With a PureDrive hybrid drivetrain, and based on “an existing Nissan sedan architecture” all but confirmed to be the Pulsar, the Friend-ME claims to be the result of research into the tastes of young Chinese known as the ‘Balinghou’ generation born in the 1980s.
“Balinghou males are a huge cohort in the world’s largest market, and they’re now reaching their prime,” said Francois Bancon, Nissan GM of product planning and research.
“Clearly, their tastes will shape automotive trends worldwide for decades to come. So we believe it’s important to listen with respect and respond by putting dreams within their reach. That’s why Friend-ME is our first proposition in an ongoing dialogue."
With European sales in downturn, the Chinese market continuing to rapidly expand, and with around 240 million native Chinese born in the 1980s, no doubt Nissan sees a huge opportunity in appealing to the Balinghou generation.
Highlights, according to Nissan, are a low and wide stance with short front and rear overhangs giving the car an “edgy muscularity”; a thin and light roof with “kick up” shape around the C-pillar; and an interior based around the theory of ‘equal’ with all four passengers sharing the same space and reading the same interior dials as each other.

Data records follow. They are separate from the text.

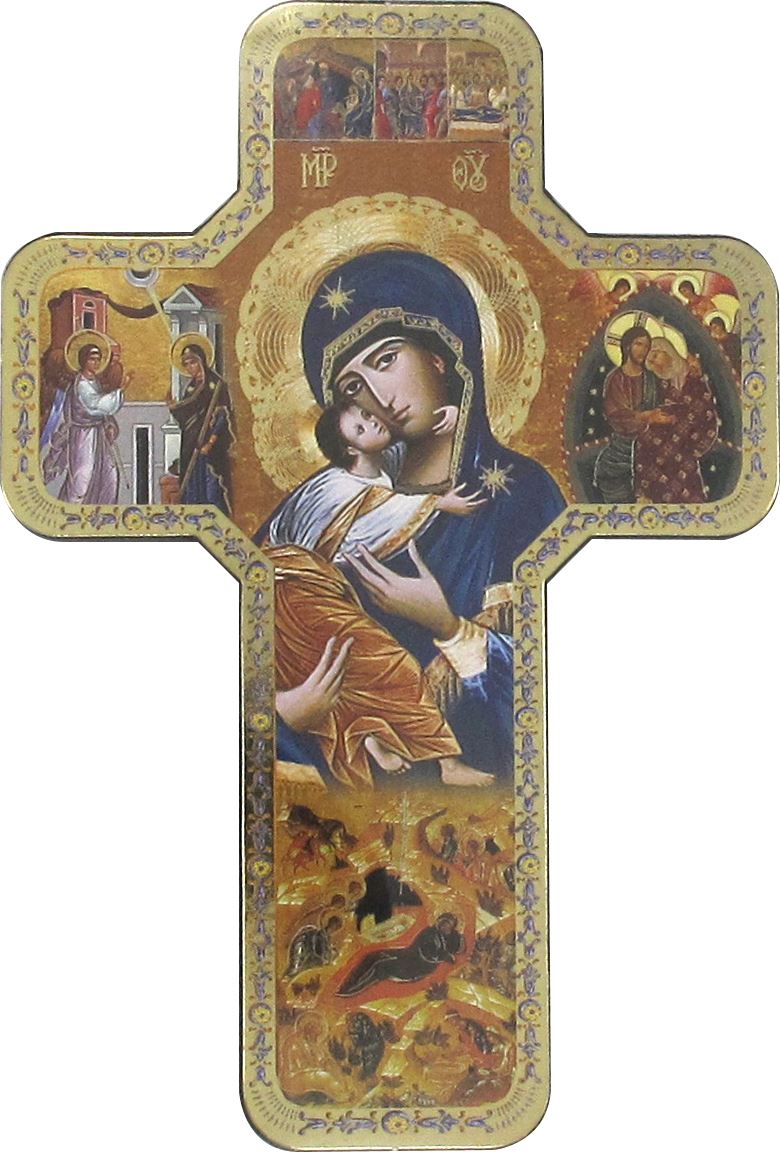 croce icona madonna della tenerezza stampa su legno - 12 x 18 cm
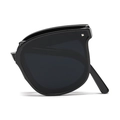 Occhiali da sole pieghevoli neri quadrati con rivetti argento e design portatile - Nero Classico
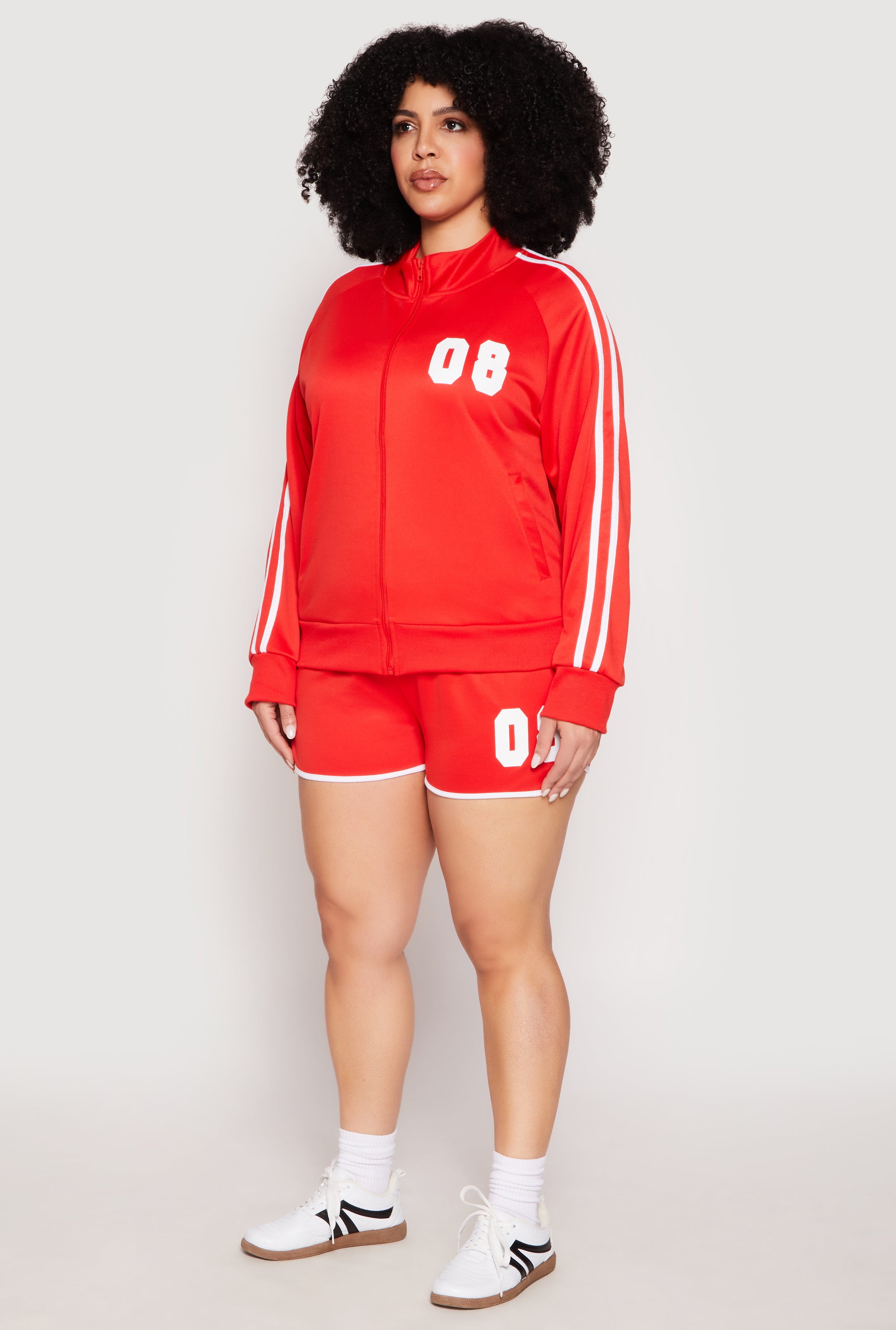Plus Size 08 Varsity Stripe Track Jacket Plus Size 08 Varsity Stripe Track Jacket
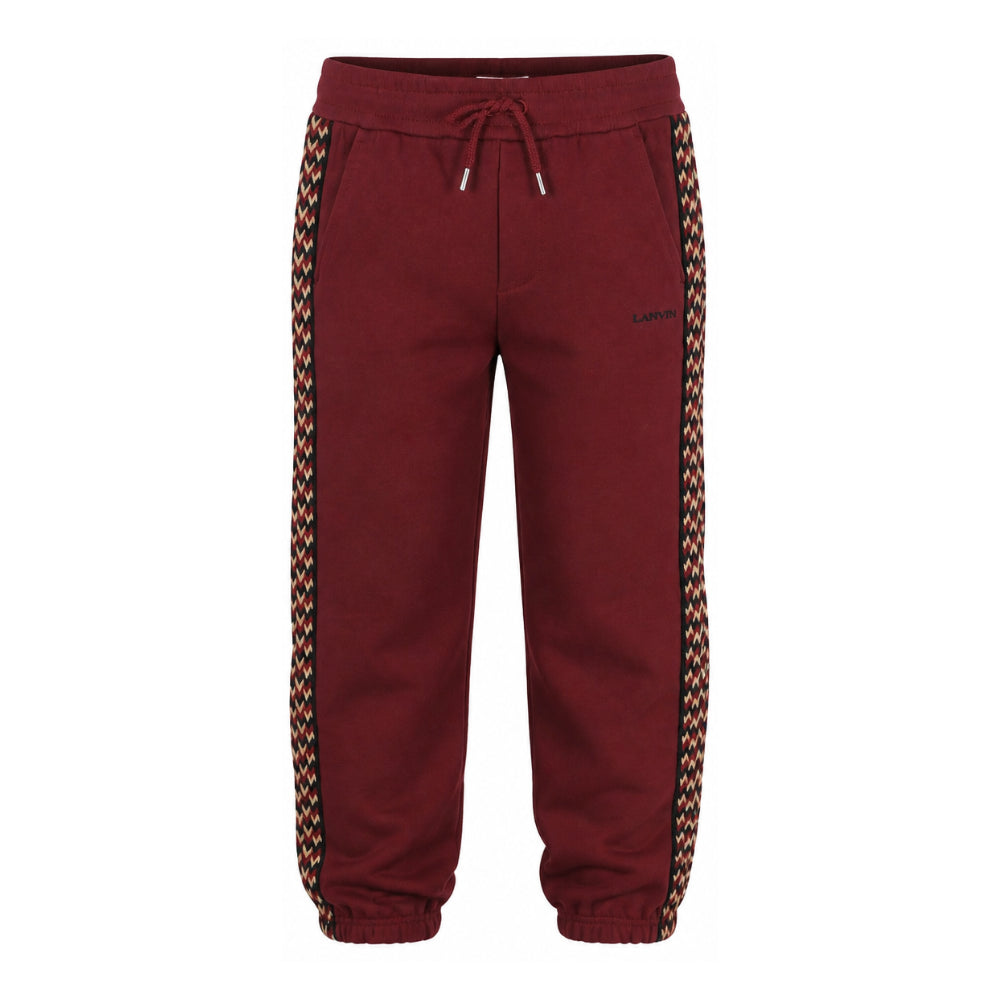 Pantaloni sportivi per bambina Lanvin Kids bordeaux con bande laterali N30425 955 LANVIN KIDS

The concept of Distilled Da Qi represents “casting an aura, about standing out, but at the same time, fitting in”.
A design shared between Nissan Design China in Beijing – which opened in 2011 – and Nissan Global Design Centre in Japan, the Friend-ME may morph into a production sedan spin-off of the Nissan Leaf all-electric hatchback, and enter world markets including the US.